American Mythos (Visual Art)
3 Questions for Angela
What was your process for creating this work?
My process is always questioning. If a poem may be comprised of a series of images, when is a series of images a poem? How do our brains interpret image and how do we use that knowledge as artists? These are some of the questions moving my current project.
While delving into answers, I happened to come across a headline about Jane Goodall’s work from early in her career, “Comely Miss Spends Time Eyeing Apes.” It is infuriating to witness a human being who devotes their entire life to understanding more than just herself reduced to her exterior. Further, reduced to physical attributes with the ugliest word meaning beauty. I can hear the edges of this word cut against my sensibility with its hard sounds. I traced comely’s origin and discovered not just beautiful but also weak, feeble, and scarcely. I hear this energy and am affected by it.
I had the same experience with the term Radium Girls.
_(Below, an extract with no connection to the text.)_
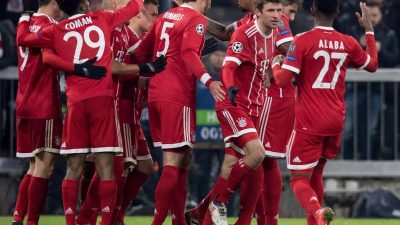Bayern fast durch: Müller und Lewandowski mit Doppelpacks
Girls? girl means bones that glow forever says the rest.
Which made me wonder, what do we say when we say girl or blue or … mustn’t we question every word? Our every perception? What is unsaid but is howling at us?
What is the significance of the form/genre you chose for this work?
I call this form Extraction, meaning to withdraw with effort, meaning to understand origin.
What lurks beneath our tunnel of tongues? I want to look there. To pull out the subversive patterns that maintain injustice in our culture through manipulation of our psyches. When we see an image, or create an image (text or visual), we have to know all we are making.
I have several pieces taken from a set of 1939 encyclopedias. Language and its role as cultural construct blows my mind. Through the encyclopedia extractions I am also exploring one minute piece of how we learned what ______ means?
Language and image have a long relationship that is there for us to use as poets and artists. Language and image also have a long-term relationship in oppression.
As an artist, I feel an increased responsibility to deconstruct my own understanding and utilization of image and language. That’s how Extraction became the form I use.
What is the significance of this work to you?
As a white (a word I am also looking to replace) English speaker I was born participating in the act of colonialism. It is my duty to unravel meaning and not perpetuate this harm.
Angie Dribben’s debut collection, Everygirl, a finalist for the 2020 Broadkill Review Dogfish Head Prize, is out with Main Street Rag. She is Contributing Reviews Editor at Cider Press Review and an MFA candidate at Randolph College. Her poetry, essays, mixed media, and reviews can be found or are forthcoming in The Night Heron Barks, Cave Wall, EcoTheo, Crab Creek Review, Crack the Spine, and others. Her poetry is widely-anthologized.